◆ **What is required**
Please print only the top portion of the entries below, ending with the line that contains "Bungalow te koop", exactly as written.

Stored items:
************
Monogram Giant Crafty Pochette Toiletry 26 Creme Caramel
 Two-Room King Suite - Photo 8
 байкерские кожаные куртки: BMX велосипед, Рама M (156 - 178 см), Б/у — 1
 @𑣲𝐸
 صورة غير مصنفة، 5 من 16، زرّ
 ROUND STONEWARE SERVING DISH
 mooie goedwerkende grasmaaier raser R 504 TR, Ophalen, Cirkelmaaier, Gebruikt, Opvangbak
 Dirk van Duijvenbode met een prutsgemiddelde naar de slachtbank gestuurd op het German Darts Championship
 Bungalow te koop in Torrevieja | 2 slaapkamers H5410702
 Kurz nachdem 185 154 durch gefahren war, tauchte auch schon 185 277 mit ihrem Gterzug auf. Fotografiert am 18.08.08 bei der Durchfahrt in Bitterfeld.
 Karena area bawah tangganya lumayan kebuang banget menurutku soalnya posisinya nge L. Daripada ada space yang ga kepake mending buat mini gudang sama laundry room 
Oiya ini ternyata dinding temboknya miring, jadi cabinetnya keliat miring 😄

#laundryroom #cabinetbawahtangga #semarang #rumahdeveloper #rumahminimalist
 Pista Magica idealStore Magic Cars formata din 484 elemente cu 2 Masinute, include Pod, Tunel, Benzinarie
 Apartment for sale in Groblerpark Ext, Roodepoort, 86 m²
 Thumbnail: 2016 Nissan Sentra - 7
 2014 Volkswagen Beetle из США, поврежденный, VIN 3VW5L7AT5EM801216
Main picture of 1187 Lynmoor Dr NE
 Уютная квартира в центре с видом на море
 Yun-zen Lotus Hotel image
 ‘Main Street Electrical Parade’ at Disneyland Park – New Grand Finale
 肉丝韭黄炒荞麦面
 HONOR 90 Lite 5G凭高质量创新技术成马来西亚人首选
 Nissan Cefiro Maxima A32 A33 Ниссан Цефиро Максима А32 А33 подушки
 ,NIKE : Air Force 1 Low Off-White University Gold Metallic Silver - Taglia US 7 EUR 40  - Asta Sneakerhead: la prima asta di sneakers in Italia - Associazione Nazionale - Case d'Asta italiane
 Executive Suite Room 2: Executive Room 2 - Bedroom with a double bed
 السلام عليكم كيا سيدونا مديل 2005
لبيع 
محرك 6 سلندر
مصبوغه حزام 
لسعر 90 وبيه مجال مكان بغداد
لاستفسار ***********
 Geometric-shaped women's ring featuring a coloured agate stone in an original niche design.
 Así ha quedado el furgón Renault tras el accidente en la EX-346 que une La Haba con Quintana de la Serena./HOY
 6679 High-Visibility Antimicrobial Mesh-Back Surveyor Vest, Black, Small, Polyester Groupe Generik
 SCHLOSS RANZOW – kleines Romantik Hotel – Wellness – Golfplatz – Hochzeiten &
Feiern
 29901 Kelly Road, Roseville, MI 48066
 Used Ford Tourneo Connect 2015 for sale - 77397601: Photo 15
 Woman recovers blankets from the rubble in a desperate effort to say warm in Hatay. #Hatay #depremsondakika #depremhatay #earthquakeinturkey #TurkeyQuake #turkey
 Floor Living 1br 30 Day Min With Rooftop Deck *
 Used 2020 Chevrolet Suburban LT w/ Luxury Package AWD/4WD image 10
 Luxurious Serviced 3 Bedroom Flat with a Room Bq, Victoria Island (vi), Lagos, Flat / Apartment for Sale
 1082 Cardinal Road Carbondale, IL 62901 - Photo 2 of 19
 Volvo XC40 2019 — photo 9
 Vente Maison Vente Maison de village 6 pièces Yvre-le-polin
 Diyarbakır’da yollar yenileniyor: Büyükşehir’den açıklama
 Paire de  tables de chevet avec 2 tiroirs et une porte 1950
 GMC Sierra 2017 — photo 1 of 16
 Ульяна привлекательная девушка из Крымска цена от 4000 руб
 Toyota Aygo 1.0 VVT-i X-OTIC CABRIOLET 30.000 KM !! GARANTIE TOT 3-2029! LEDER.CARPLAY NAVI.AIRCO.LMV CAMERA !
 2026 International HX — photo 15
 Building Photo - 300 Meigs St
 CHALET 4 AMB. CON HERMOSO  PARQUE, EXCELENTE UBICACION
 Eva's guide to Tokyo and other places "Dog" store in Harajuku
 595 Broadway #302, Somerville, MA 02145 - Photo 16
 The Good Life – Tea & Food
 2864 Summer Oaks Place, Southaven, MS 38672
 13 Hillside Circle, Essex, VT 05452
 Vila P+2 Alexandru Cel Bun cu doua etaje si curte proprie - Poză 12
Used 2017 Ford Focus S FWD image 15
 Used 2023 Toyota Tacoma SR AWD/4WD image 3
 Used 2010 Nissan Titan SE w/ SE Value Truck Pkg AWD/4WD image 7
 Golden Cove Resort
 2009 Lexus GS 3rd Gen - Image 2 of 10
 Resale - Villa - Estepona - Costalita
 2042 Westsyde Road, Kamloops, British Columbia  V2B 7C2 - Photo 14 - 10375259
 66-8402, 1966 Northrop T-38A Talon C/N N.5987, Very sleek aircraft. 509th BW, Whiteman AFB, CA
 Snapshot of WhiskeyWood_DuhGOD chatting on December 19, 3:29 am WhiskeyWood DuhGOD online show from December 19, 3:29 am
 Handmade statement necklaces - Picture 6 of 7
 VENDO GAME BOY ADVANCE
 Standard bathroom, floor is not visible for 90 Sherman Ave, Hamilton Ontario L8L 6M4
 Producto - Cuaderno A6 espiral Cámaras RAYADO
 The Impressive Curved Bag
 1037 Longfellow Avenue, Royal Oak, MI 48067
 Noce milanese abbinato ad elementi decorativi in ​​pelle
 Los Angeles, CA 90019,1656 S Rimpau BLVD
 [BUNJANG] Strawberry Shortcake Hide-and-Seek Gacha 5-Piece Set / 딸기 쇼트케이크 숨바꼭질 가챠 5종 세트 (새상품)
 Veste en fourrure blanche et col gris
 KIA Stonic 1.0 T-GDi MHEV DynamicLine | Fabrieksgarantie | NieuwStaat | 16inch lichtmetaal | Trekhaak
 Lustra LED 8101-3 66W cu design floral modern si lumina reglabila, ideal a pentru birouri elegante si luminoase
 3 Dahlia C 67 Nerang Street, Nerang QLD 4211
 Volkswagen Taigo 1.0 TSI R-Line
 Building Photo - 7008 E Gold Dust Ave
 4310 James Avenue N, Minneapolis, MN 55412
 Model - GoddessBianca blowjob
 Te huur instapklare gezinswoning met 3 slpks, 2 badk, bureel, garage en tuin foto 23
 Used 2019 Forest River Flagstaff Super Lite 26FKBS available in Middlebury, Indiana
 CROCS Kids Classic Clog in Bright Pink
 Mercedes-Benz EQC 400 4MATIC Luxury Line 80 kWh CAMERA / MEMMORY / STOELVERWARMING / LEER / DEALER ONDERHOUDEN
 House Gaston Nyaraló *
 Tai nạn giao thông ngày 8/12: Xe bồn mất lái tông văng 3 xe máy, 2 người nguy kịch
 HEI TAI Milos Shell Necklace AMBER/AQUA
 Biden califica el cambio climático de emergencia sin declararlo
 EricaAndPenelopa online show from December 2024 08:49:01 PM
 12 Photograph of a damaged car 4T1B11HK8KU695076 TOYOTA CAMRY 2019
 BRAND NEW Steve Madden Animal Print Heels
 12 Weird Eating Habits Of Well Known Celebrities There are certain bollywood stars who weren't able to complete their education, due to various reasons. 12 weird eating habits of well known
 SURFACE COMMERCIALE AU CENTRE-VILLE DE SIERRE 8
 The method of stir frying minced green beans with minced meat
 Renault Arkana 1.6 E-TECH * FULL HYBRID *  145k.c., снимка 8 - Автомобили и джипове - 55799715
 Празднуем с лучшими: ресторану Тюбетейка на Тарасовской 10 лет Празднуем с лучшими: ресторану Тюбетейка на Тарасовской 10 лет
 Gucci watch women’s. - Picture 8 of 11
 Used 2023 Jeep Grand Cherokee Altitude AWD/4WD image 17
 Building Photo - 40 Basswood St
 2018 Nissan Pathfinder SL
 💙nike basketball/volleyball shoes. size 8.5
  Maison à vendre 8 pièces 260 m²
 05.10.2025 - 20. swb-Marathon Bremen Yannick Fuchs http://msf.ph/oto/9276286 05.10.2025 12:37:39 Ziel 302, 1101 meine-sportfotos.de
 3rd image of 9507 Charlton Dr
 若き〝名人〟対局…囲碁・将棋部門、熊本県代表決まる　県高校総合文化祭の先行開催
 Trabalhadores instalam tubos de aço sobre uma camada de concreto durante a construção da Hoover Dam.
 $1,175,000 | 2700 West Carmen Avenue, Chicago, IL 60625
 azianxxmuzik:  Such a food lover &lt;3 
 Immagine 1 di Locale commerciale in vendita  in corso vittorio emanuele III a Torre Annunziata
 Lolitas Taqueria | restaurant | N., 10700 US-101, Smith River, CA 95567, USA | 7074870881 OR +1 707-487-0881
************
◆ **Written answer**
Monogram Giant Crafty Pochette Toiletry 26 Creme Caramel
 Two-Room King Suite - Photo 8
 байкерские кожаные куртки: BMX велосипед, Рама M (156 - 178 см), Б/у — 1
 @𑣲𝐸
 صورة غير مصنفة، 5 من 16، زرّ
 ROUND STONEWARE SERVING DISH
 mooie goedwerkende grasmaaier raser R 504 TR, Ophalen, Cirkelmaaier, Gebruikt, Opvangbak
 Dirk van Duijvenbode met een prutsgemiddelde naar de slachtbank gestuurd op het German Darts Championship
 Bungalow te koop in Torrevieja | 2 slaapkamers H5410702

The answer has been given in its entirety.